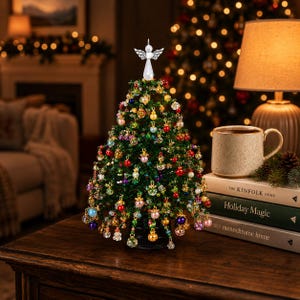 May include: A miniature green beaded Christmas tree decorated with various colorful hanging ornaments and topped with a white angel figure. The tree sits on a dark base, positioned next to a stack of three books and a ceramic mug.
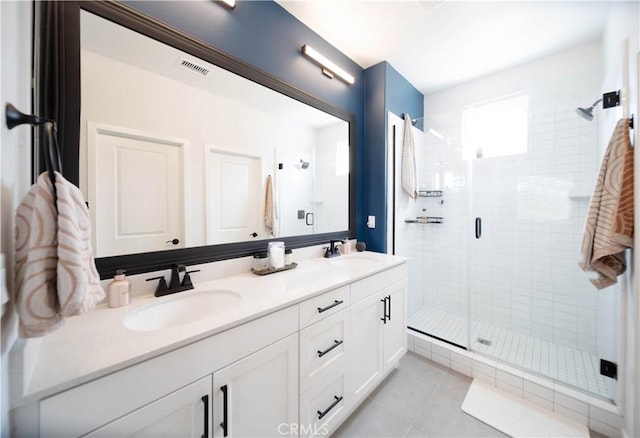 bathroom with tile patterned flooring, vanity, and a shower with door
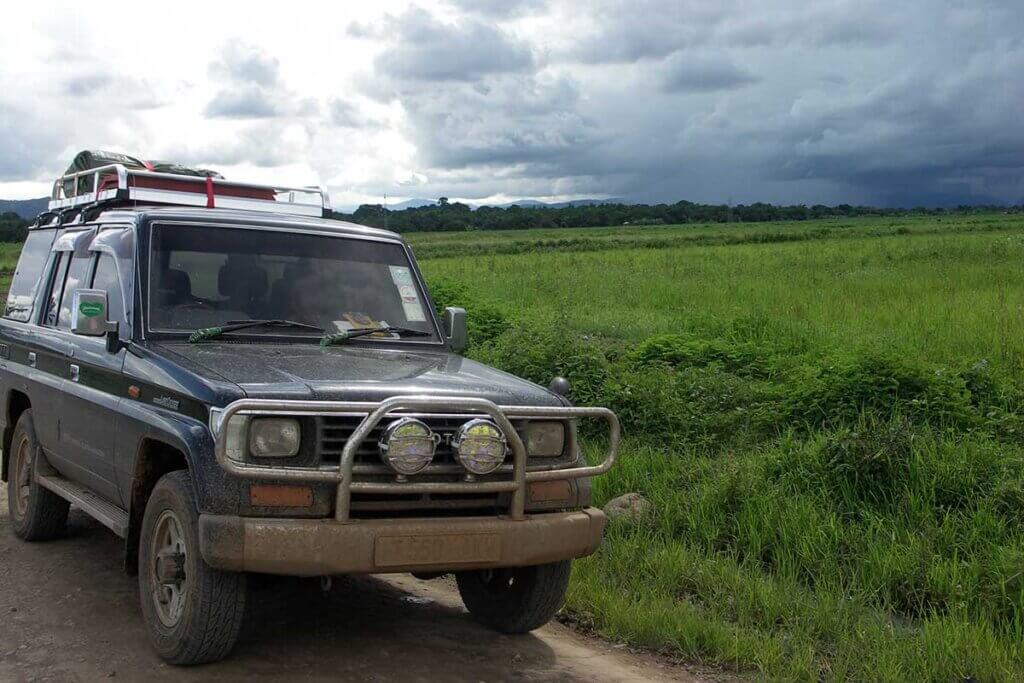 Ein grüner Toyota Prado posiert vor einem Reisfeld in Kyela, Südtansania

● **EXERCISE BRIEF**
The material above should be returned exactly, without pictures.

● **RESPONSE TO THE EXERCISE**
 May include: A miniature green beaded Christmas tree decorated with various colorful hanging ornaments and topped with a white angel figure. The tree sits on a dark base, positioned next to a stack of three books and a ceramic mug.
 bathroom with tile patterned flooring, vanity, and a shower with door
 Ein grüner Toyota Prado posiert vor einem Reisfeld in Kyela, Südtansania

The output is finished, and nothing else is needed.